Superman Returns
Brandon Routh, Kevin Spacey
My great-grandfather was a cattle and horse trader. One of the secrets he had to getting a few extra bucks for his livestock was to find a couple of the most pathetic cows that ever graced this planet. He would first parade these creatures in front of a potential buyer, knowing that any cattle that followed would look like textbook examples of perfection, and his wallet would grow fatter. One of my best friends in the world has the exact opposite effect when it comes to humanity. Not only does he look like a long lost Kennedy brother, but he has the perfect family and is a huge business success. If you lived next to one of his homes, woke up in the morning next to your snoring spouse, pulled your cellulite-filled backside out of bed, stepped over the clutter that your ungrateful children left the night before as you made your way towards the front door to get the newspaper, you might see him drive his Hummer past or he might be jogging by. (He runs marathons.) He would stop, turn off his Yanni music, as you grunt trying to pick up the newspaper, and he would invite you to his Stepford Wives church or ask if you had gotten his family’s Christmas card, the one where everyone in the brood is wearing matching sweaters in front of a brick fireplace, or rave about the wonderful weekend they just had at some tropical getaway where brown skinned natives served you drinks with umbrellas in them by a pool. Leaving, he would wave. You would wave back, and the moment his back was turned his back, your fingers, no longer under your control, would form a gesture that your mother would not be proud of because you know that in comparison to him you are one of the pathetic cows that has been put on earth just to make him look better. Who wants to spend the evening with someone so perfect?
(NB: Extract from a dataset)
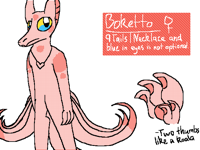 New Sona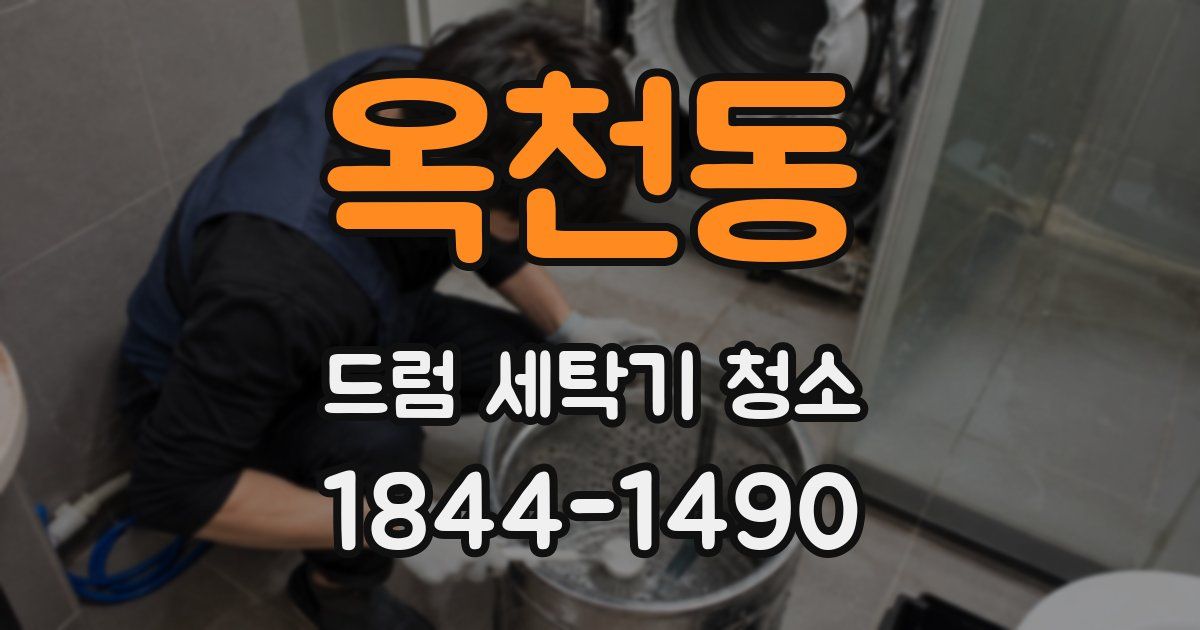 옥천동 드럼 세탁기 청소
I have the same reaction to most soap operas. I cannot get into feeling for some picture perfect model that has just broken up with her Boys From Brazil boyfriend. What is sad about that? By next week, she will need a number taking machine to maintain some kind of order for the men who will be lining up to date her because she is hot. Give me a fat girl with a unibrow, a limp, and looks like Lem without the cheesy goatee. That is tragic; because if she breaks up with her boyfriend, the only men who she will be spending every evening with for the next decade are named Ben & Jerry. It is the same reason I rooted for the villains in the comic books that I read when I was a kid. Here are these muscle-bound, chiseled-featured do-gooders who are never selfish and always do the right thing, never trying to make a buck out of the deal or are using their powers to pick up chicks. Every male in America knows what they would do if they had x-ray vision. I always liked the villains. They were better characters, more well rounded, over the top, and always looked more like the people around me than the cape and cowl crowd. Just once I wanted to see the Joker with a steel pipe in his hands standing over the dead body of Batman or see Captain Cold enjoying a wonderful retirement next to his swimming pool filled with all the gold that he just stole from the banks of Central City. The one superhero I could not stand was the Big Blue Boy Scout, The Man of Steel, The Man of Tomorrow, The Last Son of Krypton, The Metropolis Marvel, i.e. Superman. As an ankle biter, I found most Superman stories to be visual sleeping pills. It takes a very good writer to make stories about someone who is perfectly interesting. He is always stronger and/or smarter than anyone he is going to face. Unlike Batman with his twisted psyche or Spider-Man who had to live with the guilt over the death of his Uncle Ben, Supes always did what is right. He is Jesus Christ in a cape and boots. (Kal-El sounds like the Hebrew phrase that means “All that is God.”)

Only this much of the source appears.